What is „CDB technology“?
CDB stands for Cure Depth Barrier. This special technology has been developed by the MOIIN team and is now a registered trademark.
Cure Depth Barrier describes the minimized overcuring in the z axis of 3D printing resins, which results in printed objects displaying an exceptionally high level of precision.
CDB technology is a chemical component that is present in all MOIIN resins, but which is optimized for each individual material to achieve the best printing results.
The technical background.
In SLA and DLP 3D printing processes, the objects are built up layer by layer using a liquid printing resin. The thickness of each individual layer is typically only 25–100 µm, depending on the settings. As a result, the pieces produced are very detailed and have a fine surface structure. The liquid material is cured layer by layer by exposure to light, i.e. UV radiation. In order for the layers to adhere to each other, the light must pass through the layer being cured and into the layers that have already solidified. Only this way can the current and previous layers chemically bond and become a single solid object.
This phenomenon is known as overcuring. For the reasons just described, this overcuring is necessary and cannot be completely avoided.
However, overcuring can become a problem when the 3D model contains a hole or cavity in its z axis, i.e. its vertical direction. At the moment when this cavity is closed, there is no previous layer to which the current curing layer can adhere. Instead, the light radiates into the liquid resin in the area of the 3D model where there should be a cavity. The liquid resin is cured by the light and forms an unwanted structure in the area of the cavity. At worst, small holes or channels are completely blocked.

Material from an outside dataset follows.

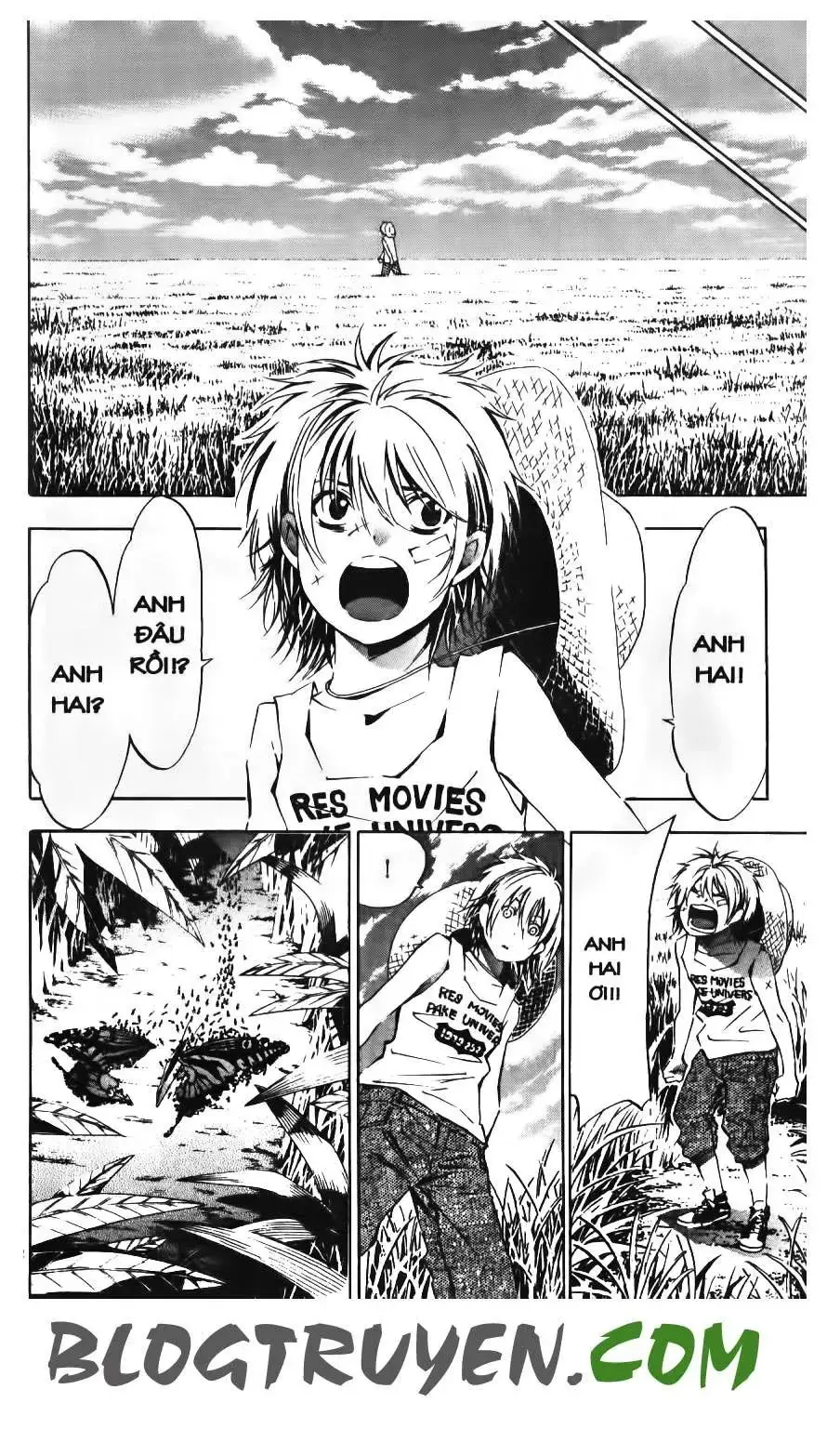 Maoh Juvenile Remix Chapter 72 - Trang 6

Printing with light: DLP, SLA, LCD
Modern resin-based 3D printing works on the principle of photopolymerization. In other words: light-sensitive liquid resins are cured with the aid of a light source.
To achieve this, a building plate in the 3D printer is immersed in a container of liquid resin and is moved vertically, allowing the object to be built up layer by layer on the plate. Depending on the process, the entire layer is either cured all at once (DLP) or point by point (SLA). As soon as a layer is finished, the process is repeated at a slightly altered height until all layers are printed and firmly bonded together to form an object. The key difference between the processes is the type of light source used. In stereolithography, known as SLA, ultraviolet light is projected by a laser beam. Digital light processing (DLP) works with a projector instead of a laser. And LCD technology uses an LCD screen as a pixel mask.

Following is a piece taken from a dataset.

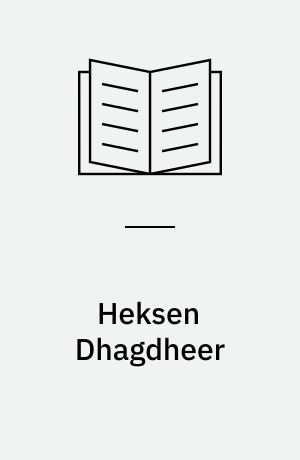 Heksen Dhagdheer : et eventyr fra Somalia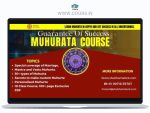 The Muhurta Course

Let’s take a closer look at the two most commonly used processes, SLA and DLP …
Stereolithography (SLA)
This 3D printing technology was the first to emerge and was developed in the 1980s by American physicist Chuck Hull. In stereolithography, UV light is projected by a laser beam to solidify the liquid photopolymer resin, which is held in a tank. To create the object to be constructed, the UV laser beam draws the desired form on the surface of the resin point by point and solidifies it.
For some time, SLA technology was quite complex and its use was limited to a rather small, exclusive group of users. Now, however, it has become much more cost-effective and user friendly. The performance of these types of 3D printers has improved significantly in terms of speed as well as in print volume.
Digital Light Processing (DLP)
In digital light processing, DLP, the object is created using a digital light processor that acts as a UV light source and solidifies the photosensitive resin. In contrast to the SLA process, the resin is cured in entire layers rather than point by point.
The projector in a 3D printer may, for example, be a video projector. Its resolution defines the precision of the 3D printing. Because each layer is completely cured all at once, the DLP printing speed is usually faster than that of other 3D printing methods. Today, the DLP and SLA technologies are used primarily for objects requiring a high level of detail and a particularly smooth surface.